== DATASET EXCERPT ==
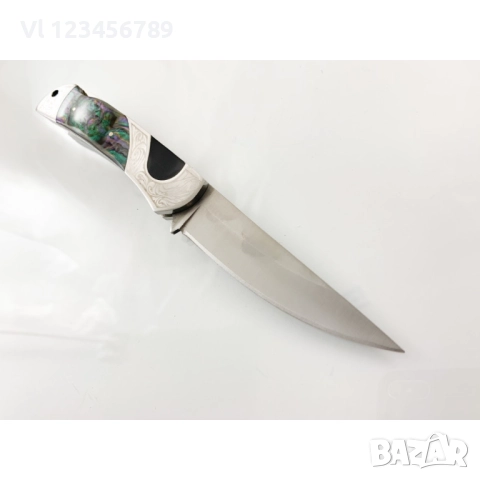 Голям сгъваем  нож Columbia 260 - 95х220, снимка 3 - Ножове - 51435505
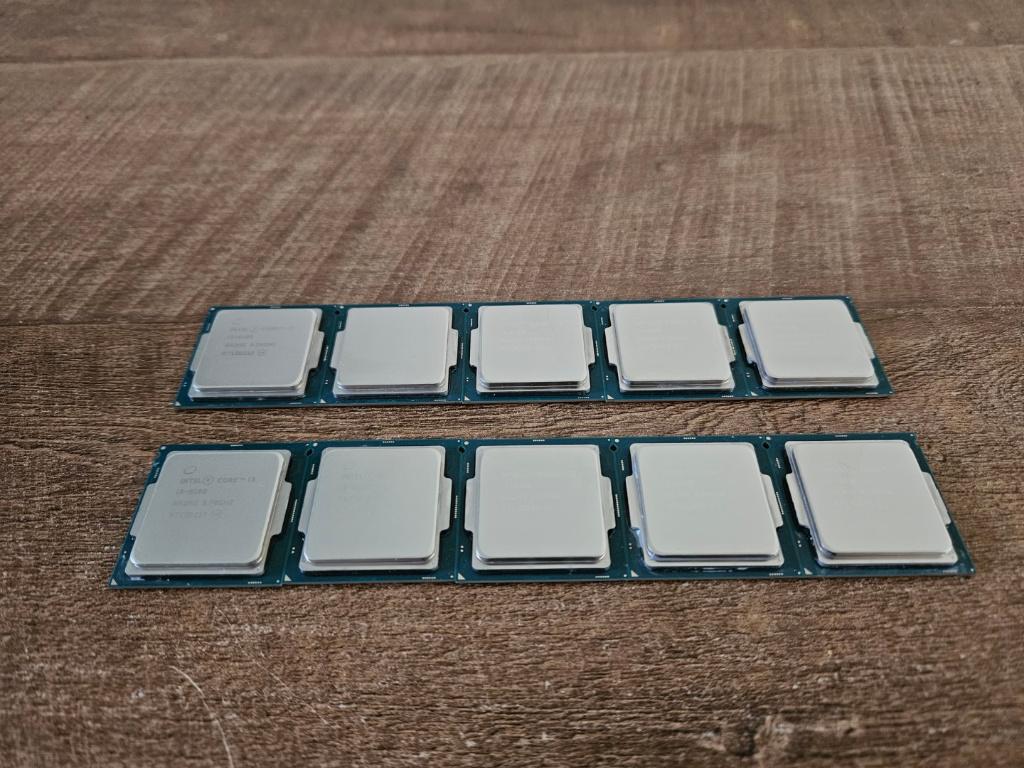 tk:10x Intel Core i3-6100 3.70GHZ Processor,Socket 1151,SR2H, Ophalen of Verzenden, Gebruikt, 3 tot 4 Ghz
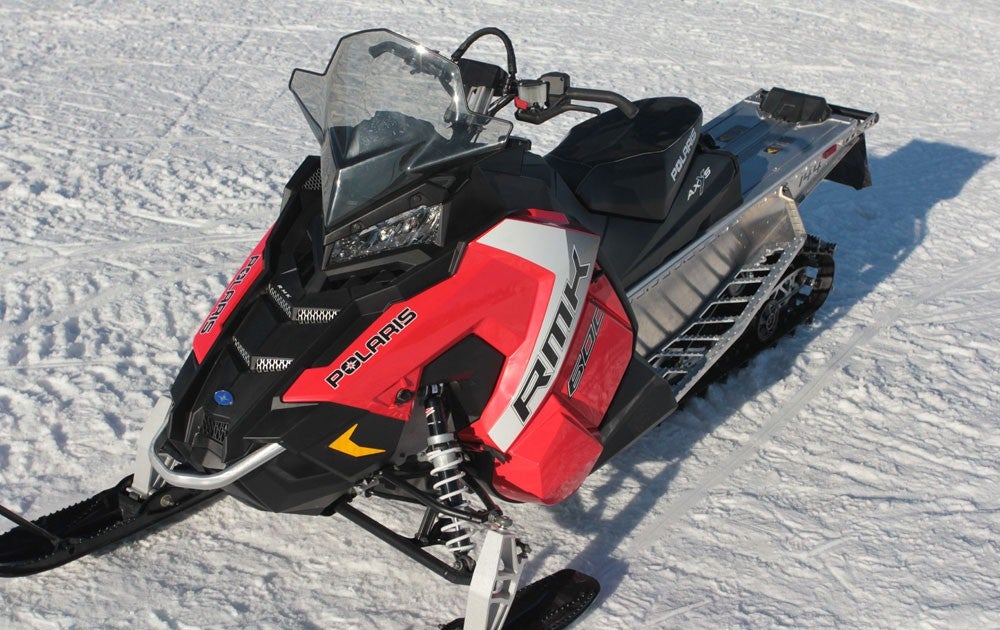 2017 Polaris 600 RMK Front Left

== ASSIGNMENT ==
Leaving every picture out, repeat each line of the material exactly.

== RESPONSE TO THIS TASK ==
 Голям сгъваем  нож Columbia 260 - 95х220, снимка 3 - Ножове - 51435505
 tk:10x Intel Core i3-6100 3.70GHZ Processor,Socket 1151,SR2H, Ophalen of Verzenden, Gebruikt, 3 tot 4 Ghz
 2017 Polaris 600 RMK Front Left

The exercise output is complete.